Согласно официальной точке зрения, принятой в Советском Союзе, советское искусство делилось на
"идейное" и "безыдейное". "Идейные" произведения искусства соответствовали партийным установкам и помогали советским людям строить коммунизм, - ну, а "безыдейные", соответственно, были "оторваны от жизни", "ни к чему не призывали" и с коммунистическим строительством как бы находились в разных плоскостях. И всё бы хорошо, но... безыдейного искусства не существует и не может существовать. Вообще. В принципе. Просто потому, что люди так устроены: всякий раз, когда художник творит, - им движет какая-то идея, вне зависимости от того, осознаёт он это или нет; и всегда, по той же самой человеческой природе, по природе человеческого сознания, движущая художникам идея что-то как-то отражает в общественной жизни, - как
говаривал Ленин, жить в обществе и быть свободным от общества нельзя. Даже если художник сознательно задаётся целью "сбежать от жизни" и "освободиться от идей", - это само по себе становится его идеей, и чтобы она пришла художнику в голову, в общественной жизни должно произойти нечто, что её породит, что толкнёт художника к "бегству".
И в принципе-то советские обществоведы 50-ых годов это признавали: "После второй мировой войны англоамериканские империалисты широко используют аполитичность как орудие идеологического наступления на свои народы и народы «маршаллизированных» стран: с целью увода трудящихся от острых вопросов политич. борьбы усиленно пропагандируются индивидуализм, мещанский уют, «чистое» и эротическое искусство; народ оглупляется пустыми развлекательными или гангстерскими фильмами и романами. Основными формами этой реакционной идеологии являются: объективизм, формализм, безыдейность (см.), представляющие в действительности различные проявления буржуазной партийности" (
Большая советская энциклопедия, издание второе, т. 2, с. 556), - но... только применительно к "Западу". В
"морально-политически едином" советском обществе буржуазной партийности быть "не могло", и поэтому...
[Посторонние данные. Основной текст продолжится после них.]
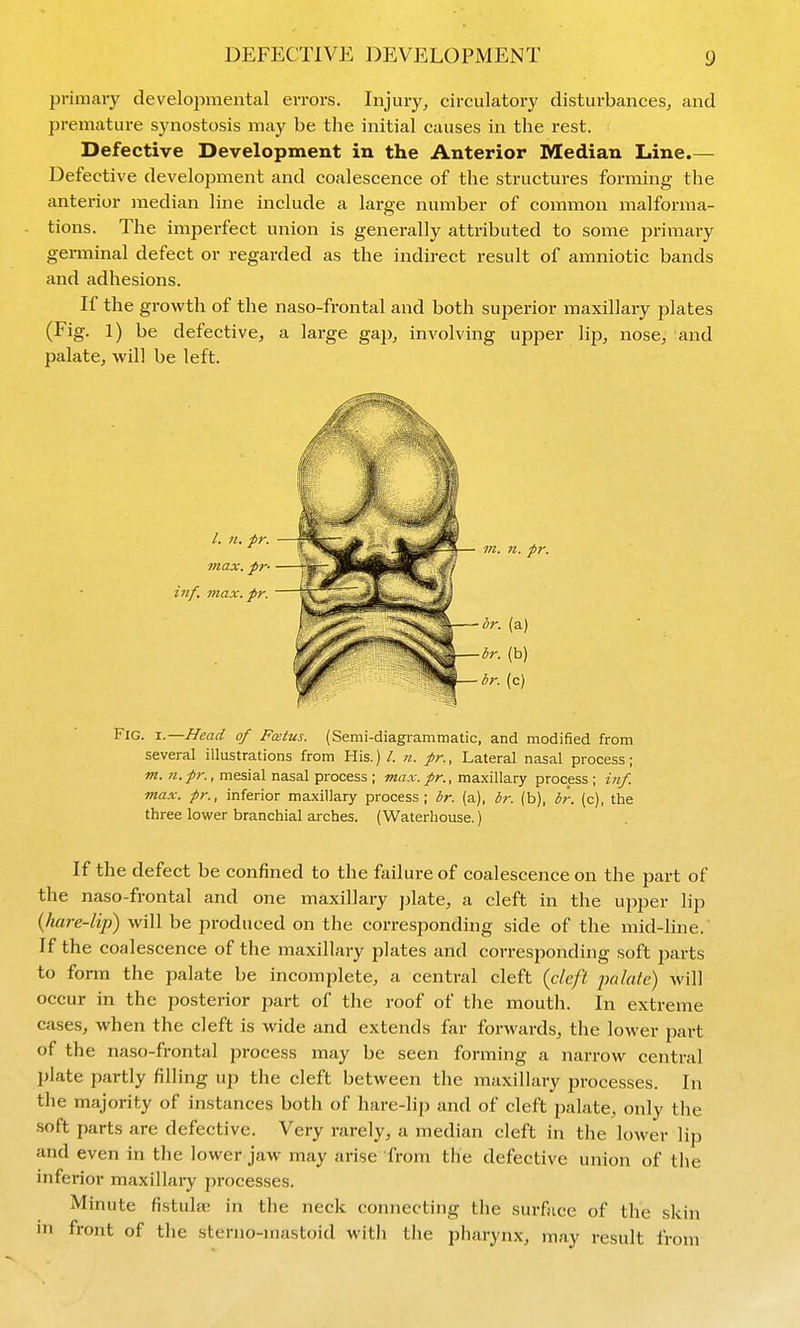 primary developntiental errors. Injury^ circulatory disturbances, and premature synostosis may be the initial causes in the rest. Defective Development in the Anterior Median Line.— Defective development and coalescence of the structures forming the anterior median line include a large number of common malforma- tions. The imperfect union is generally attributed to some primary germinal defect or regarded as the indirect result of amniotic bands and adhesions. If the growth of the naso-frontal and both superior maxillary plates (Fig. 1) be defective, a large gap, involving upper lip, nose, and palate, will be left. inf. Fig. x.—Head of Fcetus. (Semi-diagrammatic, and modified from several illustrations from His.) /. n. pr.. Lateral nasal process; »z. mesial nasal process ; OTa.r.maxillary process; inf. max. pr., inferior maxillary process; br. (a), br. (b), br. (c), the three lower branchial arches. (Waterhouse.) If the defect be confined to the failure of coalescence on the jjart of the naso-frontal and one maxillary plate, a cleft in the upper lip {hare-lip) will be produced on the corresponding side of the mid-line.' If the coalescence of the maxillary plates and corresponding soft parts to form the palate be incomplete, a central cleft {cleft palate) will occur in the posterior part of the roof of the mouth. In extreme cases, when the cleft is wide and extends far forwards, the lower part of the naso-frontal process may be seen forming a narrow central I)late partly filling up the cleft between the maxillary processes. In the majority of instances both of hare-lip and of cleft palate, only the soft parts are defective. Very rarely, a median cleft in the lower lip and even in tlie lower jaw may arise from the defective union of the inferior maxillary processes. Minute fistula; in the neck connecting the surface of the skin in front of the sterno-mastoid with the pharynx, may result from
О "безыдейности" того или иного произведения искусства или целого направления в искусстве говорят либо тогда, когда не хотят или не могут понять те общественные идеи, которые оно выражает, - либо тогда, когда, всё понимая, боятся назвать вещи своими именами. Когда внутри "морально-политически единого" советско общества "вдруг" обнаруживалось нечто враждебное коммунизму, но имеющее достаточно прочную опору "на земле" (такую, что на
пережитки капитализма в сознании людей или происки иностранных разведок списать невозможно), - вот тогда, боясь признать, что никакого морально-политического единства в советском обществе нет, и начинали изобретать "спасительные" понятия, вроде той самой "безыдейности"... мол, это не антикоммунистические, реакционные, буржуазные идеи выражает тот или иной советский художник, а это у него почему-то получаются "безыдейные произведения".
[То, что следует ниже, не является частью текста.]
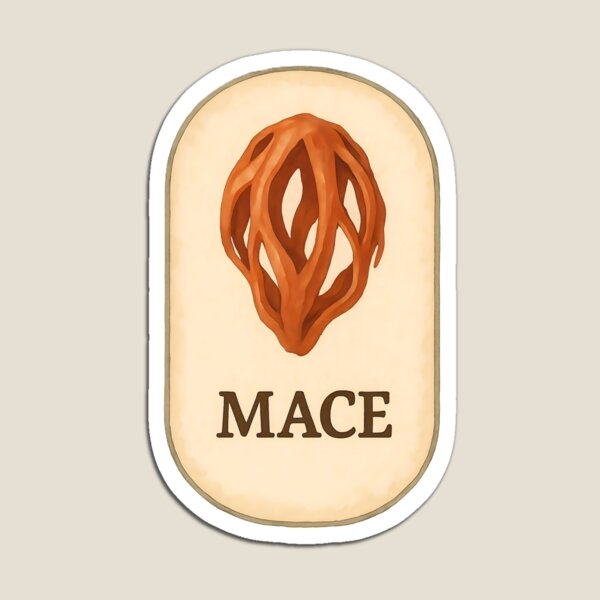 Item preview, Vintage Botanical Herb and Spice Prints: Mace designed and sold by PinUpPizzazz.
Жизнь, однако, шла своим чередом. "Социалистический абстракционизм" и "социалистический сюрреализм" всё равно возникли и стали пробивать себе дорогу; ни
ругань, ни
бульдозеры их не остановили и не могли остановить, потому что в самой советской действительности существовали (и не устранялись) объективные условия, которые порождали это "новое искусство", в том или ином виде отражались в нём. Этот урок, по-моему, коммунистам следует хорошенько усвоить, и если в будущем, по ходу нового коммунистического строительства, вновь всплывёт на поверхность "социалистический сюрреализм", - не давить его сразу бульдозерами, но сосредоточиться на выяснении причин, заставляющих художников этот метод предпочитать социалистическому реализму, а зрителей, соответственно, любоваться произведениями, которые этим методом создаются. Если выставки "социалистически абстракционистов" соберут большое количество сочувствующих зрителей, - коммунистам следует воспринимать это как "звонок", свидетельствующий о том, что в ходе коммунистического строительства что-то идёт не так... и вот на выявлении и устранении этого самого "не так" (а не на "борьбе за идейность") и надо будет сосредотачивать усилия.